**Required work**.
Please transcribe exactly the lines from the line holding "Snapshot of LanaQuen" through the end of the data below, and skip any pictures.

Brief descriptive captions:
* * * * * * *

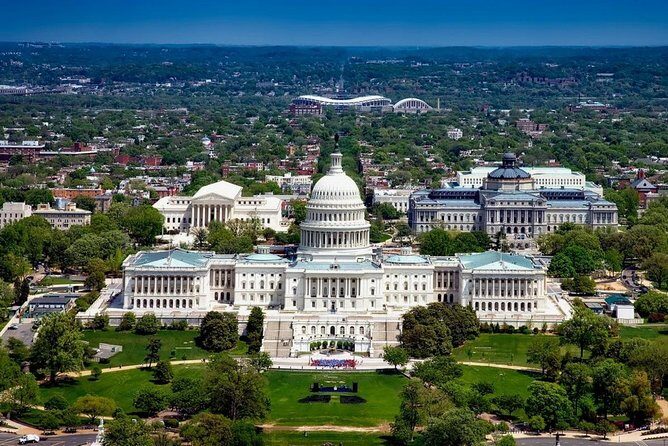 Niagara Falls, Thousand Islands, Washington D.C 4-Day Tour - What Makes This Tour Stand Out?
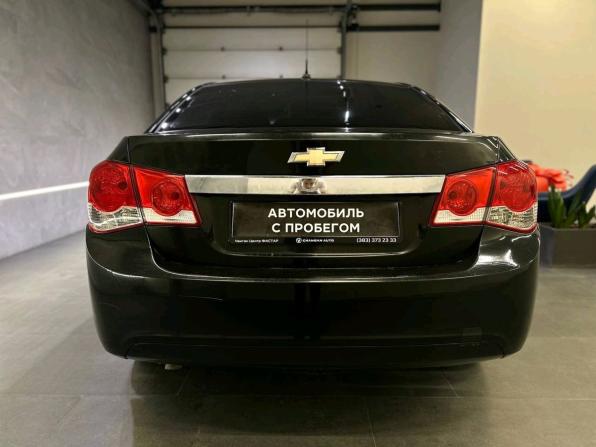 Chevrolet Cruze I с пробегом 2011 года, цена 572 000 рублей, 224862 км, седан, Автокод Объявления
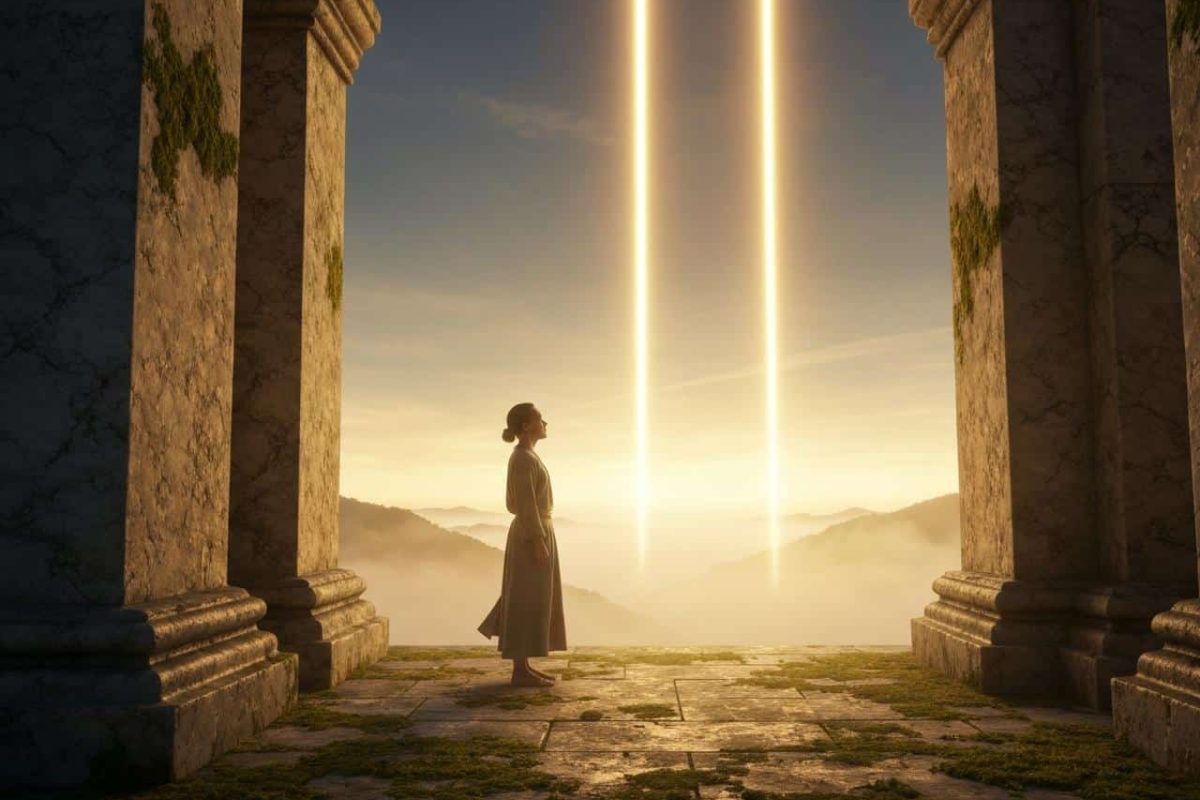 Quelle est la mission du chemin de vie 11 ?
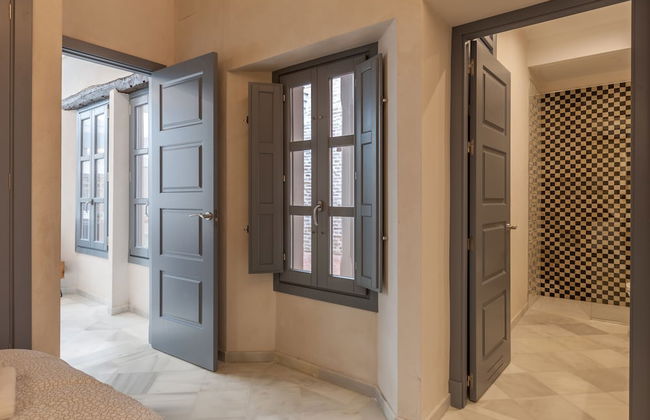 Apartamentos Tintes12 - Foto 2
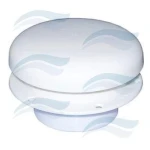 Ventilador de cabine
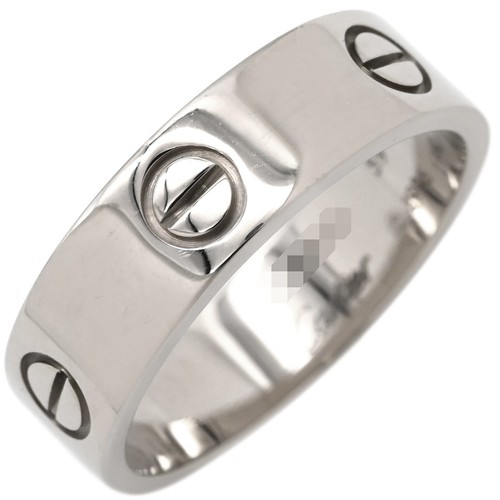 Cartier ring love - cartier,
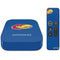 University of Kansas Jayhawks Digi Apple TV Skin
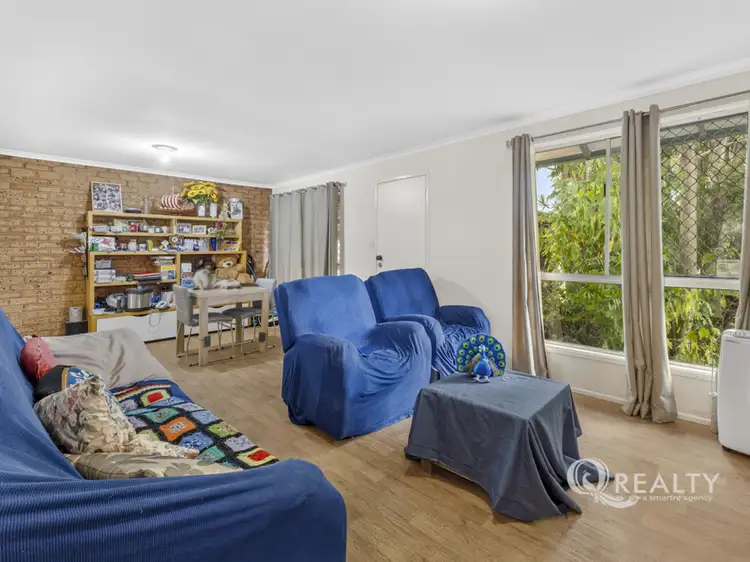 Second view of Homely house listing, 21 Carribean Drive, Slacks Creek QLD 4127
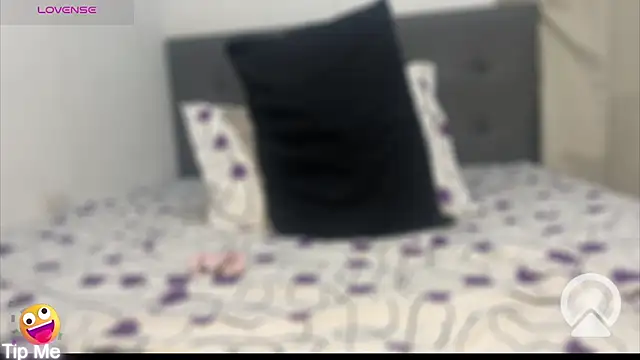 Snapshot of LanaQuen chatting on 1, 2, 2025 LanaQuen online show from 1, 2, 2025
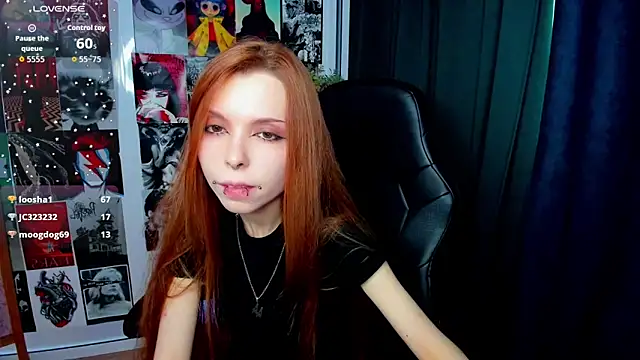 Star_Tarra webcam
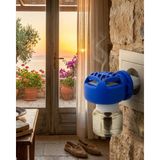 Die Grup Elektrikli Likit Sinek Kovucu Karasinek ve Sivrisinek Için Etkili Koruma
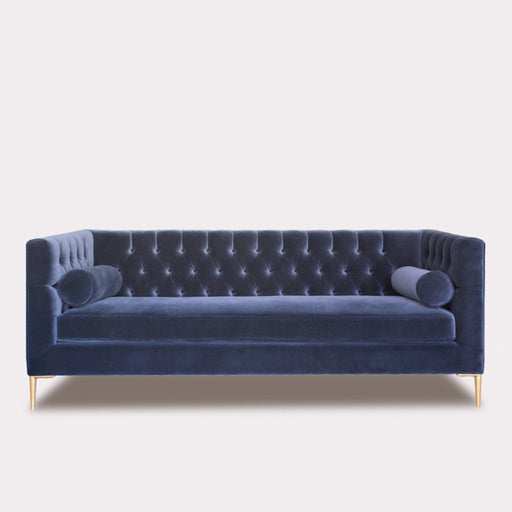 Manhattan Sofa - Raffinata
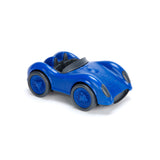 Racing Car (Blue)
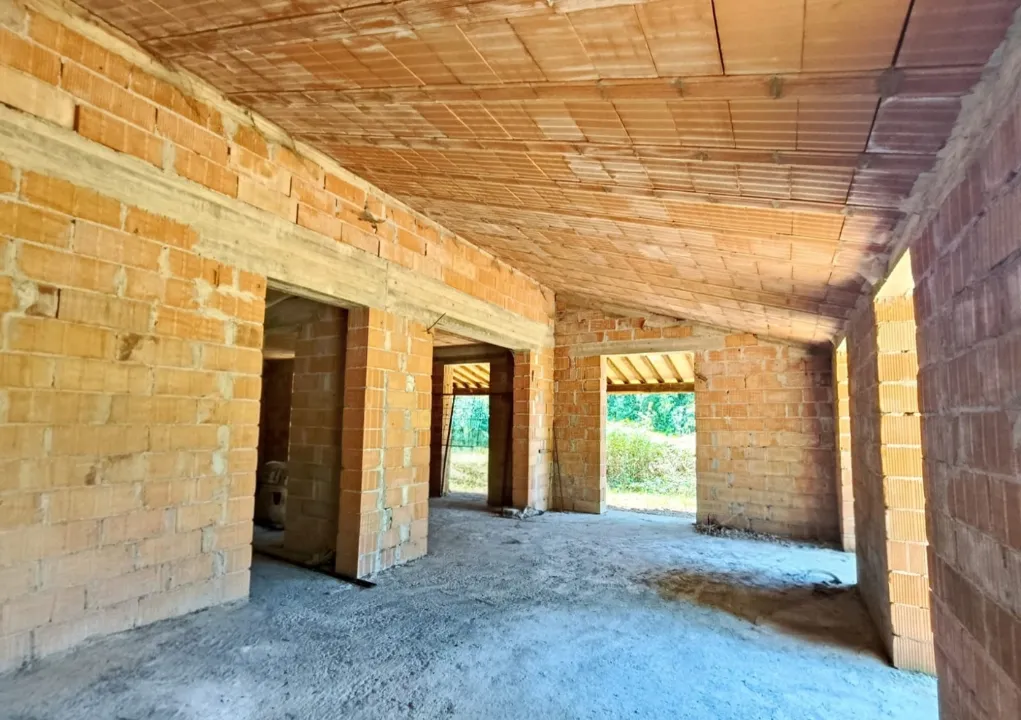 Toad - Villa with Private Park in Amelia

* * * * * * *

**Answer section**.
 Snapshot of LanaQuen chatting on 1, 2, 2025 LanaQuen online show from 1, 2, 2025
 Star_Tarra webcam
 Die Grup Elektrikli Likit Sinek Kovucu Karasinek ve Sivrisinek Için Etkili Koruma
 Manhattan Sofa - Raffinata
 Racing Car (Blue)
 Toad - Villa with Private Park in Amelia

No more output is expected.